Abstract

This paper considers the hypothesis that typographic shape and criteria may positively or negatively influence the reading performance of children with Specific Reading Disorders. We focus on children between the ages of 5 and 13 with Dyslexia and Visuospatial Difficulties or other similar disorders. We propose a theoretical approach, with a non-interventionist methodology of qualitative research, in which, through a literary review, we clarify what are Specific Learning Disorders, such as Dyslexia, Dysorthography, Dysgraphia, and Dyscalculia, and what is their interference in the reading process. Typography, psychology, and knowledge on neurologic development were used to characterise the neurological functioning of the reading process, both in fluent and dyslexic readers, who show sub-activity in the posterior brain systems (Phonological Deficit Theory).

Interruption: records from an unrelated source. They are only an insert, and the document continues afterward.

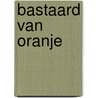 Bastaard van Oranje door Adri P. Van Vliet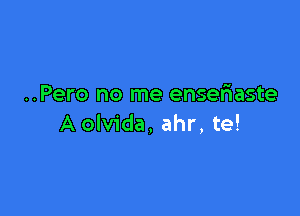 ..Pero no me ensefnaste

A olvida, ahr, te!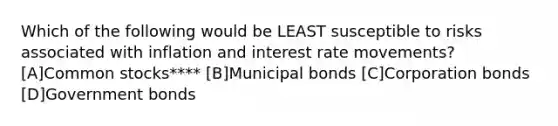 Which of the following would be LEAST susceptible to risks associated with inflation and interest rate movements? [A]Common stocks**** [B]Municipal bonds [C]Corporation bonds [D]Government bonds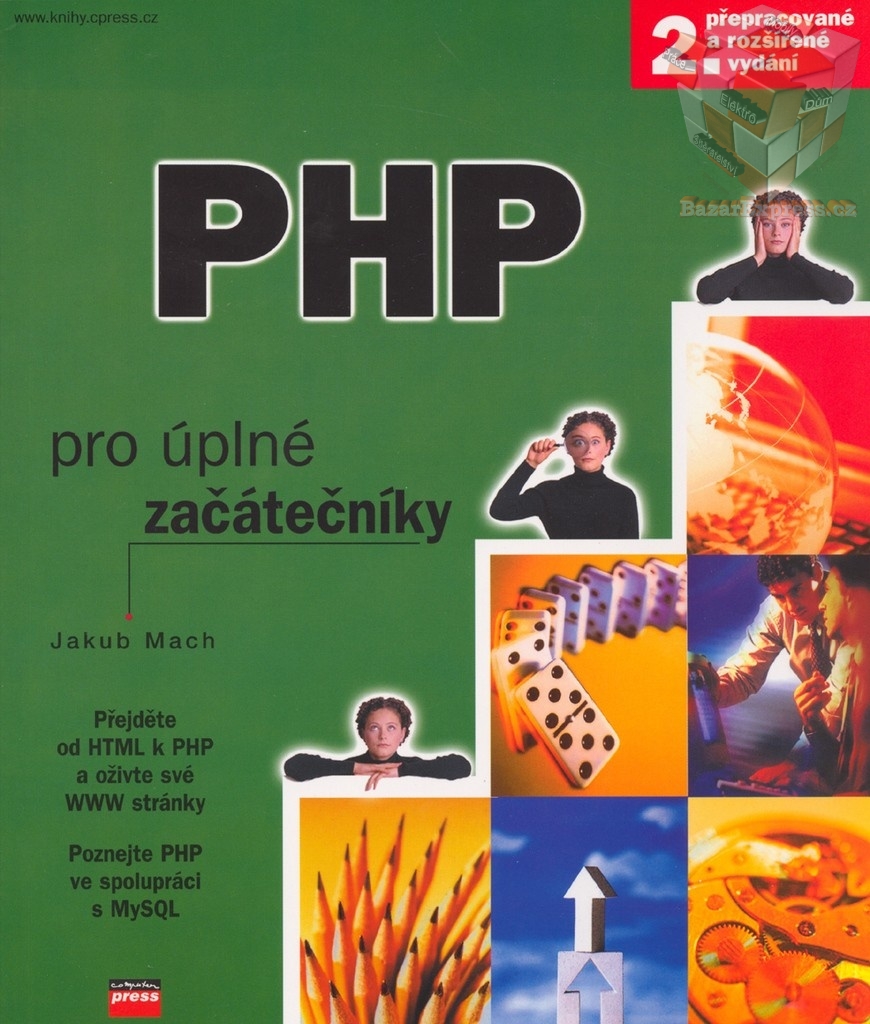 Kniha PHP pro úplné začátečníky Přejděte od HTML k PHP a ...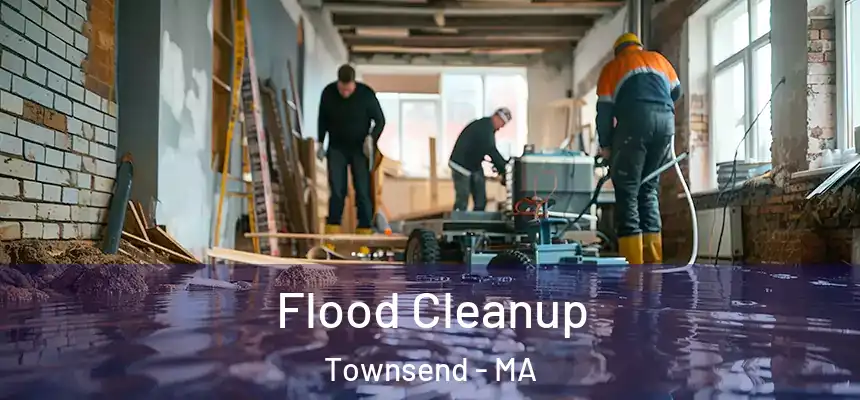 Flood Cleanup Townsend - MA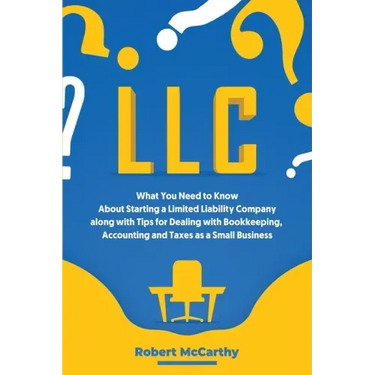 LLC: What You Need to Know About Starting a Limited Liability Company along with Tips for Dealing with Bookkeeping, Account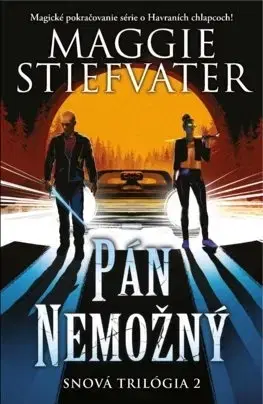 Fantasy, upíri Snová trilógia 2: Pán Nemožný - Maggie Stiefvater,Gabriela Račková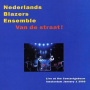 Nederlands Blazers Ensemble - Van De Straat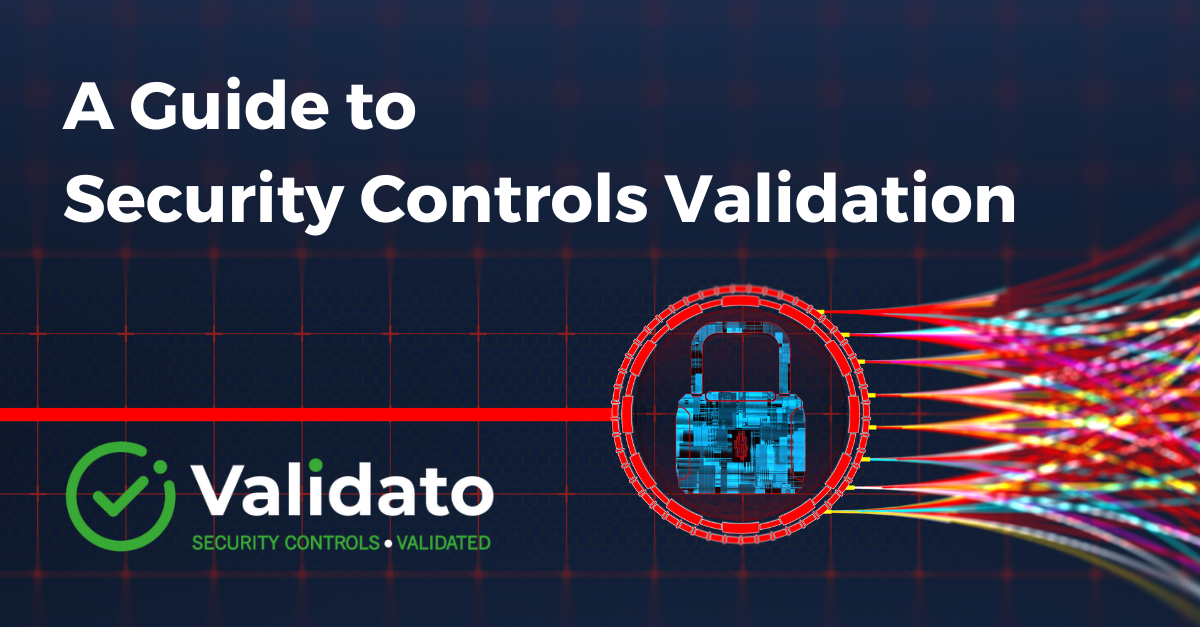A Guide to Security Controls Validation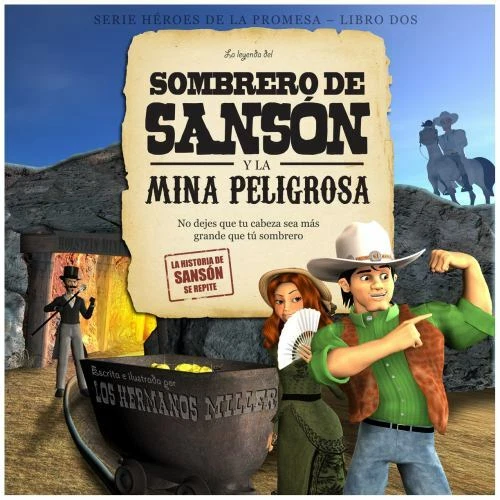 La Leyenda del Sombrero de Sansón Y La Mina Peligrosa by Miller, Hermanos - Image 1 of 1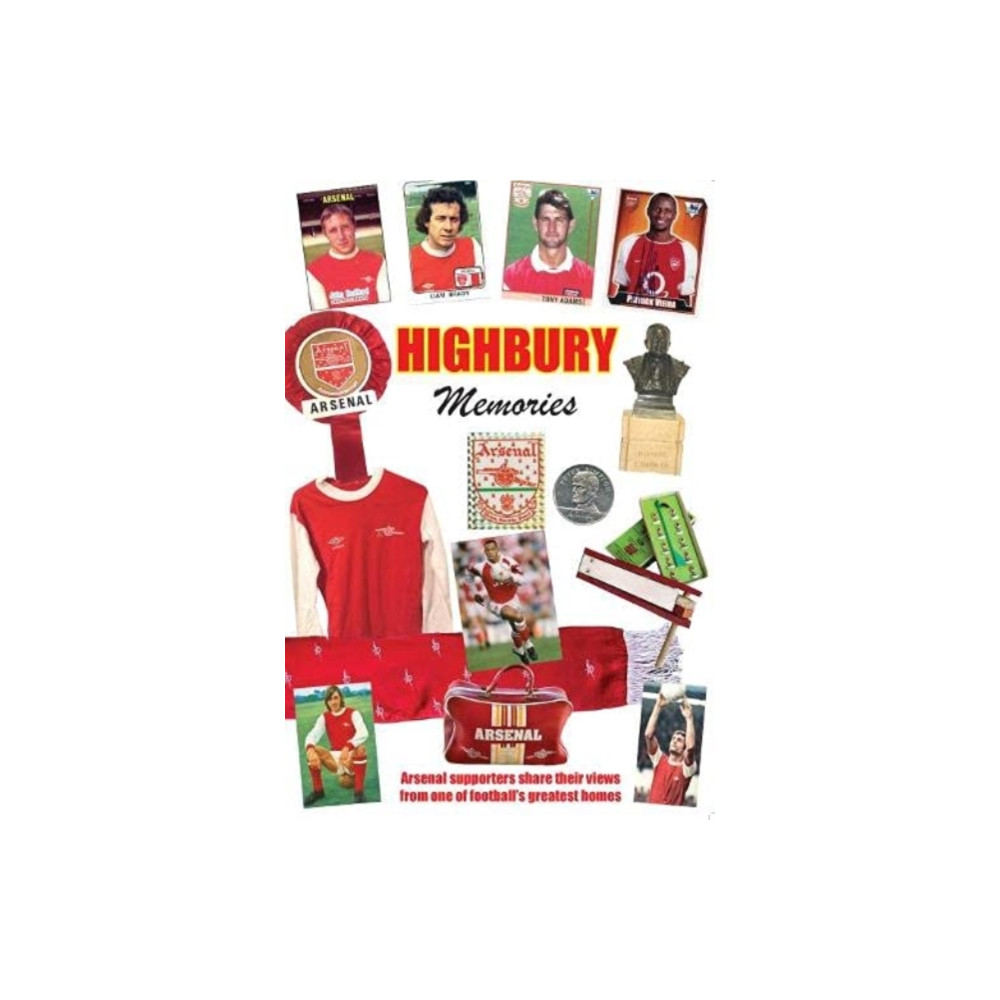 HIGHBURY MEMORIES (häftad, english) Football World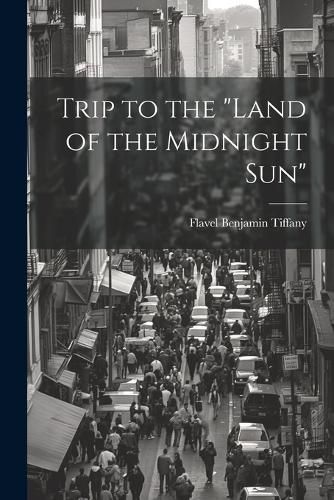 Trip to the "Land of the Midnight Sun" By Tiffany 9781022783034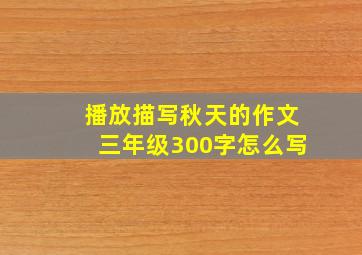 播放描写秋天的作文三年级300字怎么写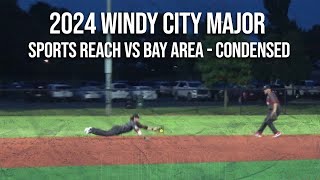 Sports Reach vs Bay Area Legends - 2024 Windy City Major!  Condensed Game
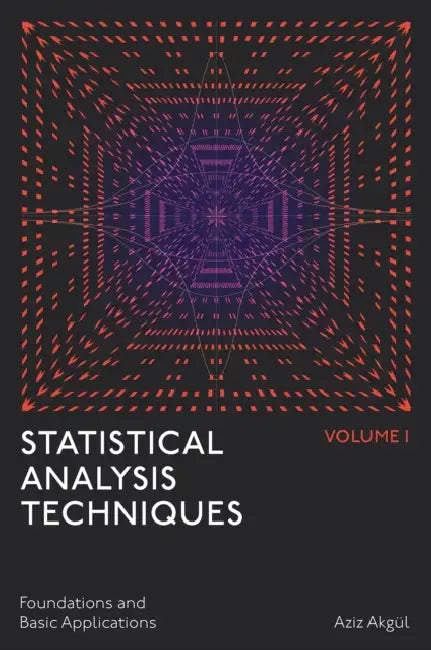 Statistical Analysis Techniques, Volume 1: Foundations and Basic Applications by Aziz Akgül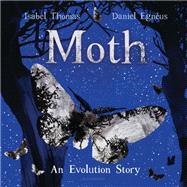 Moth by Thomas, Isabel; Egnus, Daniel, 9781547600205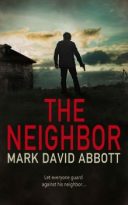 The Neighbor by Mark David Abbott (ePUB) Free Download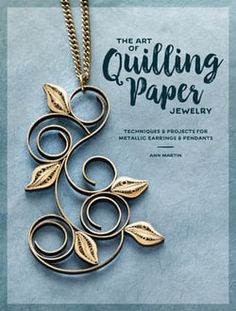 the art of quilling paper jewelry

The aim is to understand how legibility and readability are processed in children with Specific Reading Learning Disorders. We analysed multiple typographic recommendations for Inclusive Education and found problems; the objective of this research is to improve reading skills in students with learning disabilities by developing typographic criteria specifically for this purpose. We present typographical recommendations and criteria to complement and improve existing decrees and regulations for inclusive education and conclude accepting our recommendations would be beneficial to students with learning disabilities. We present these typographic recommendations for use in the English and Portuguese languages.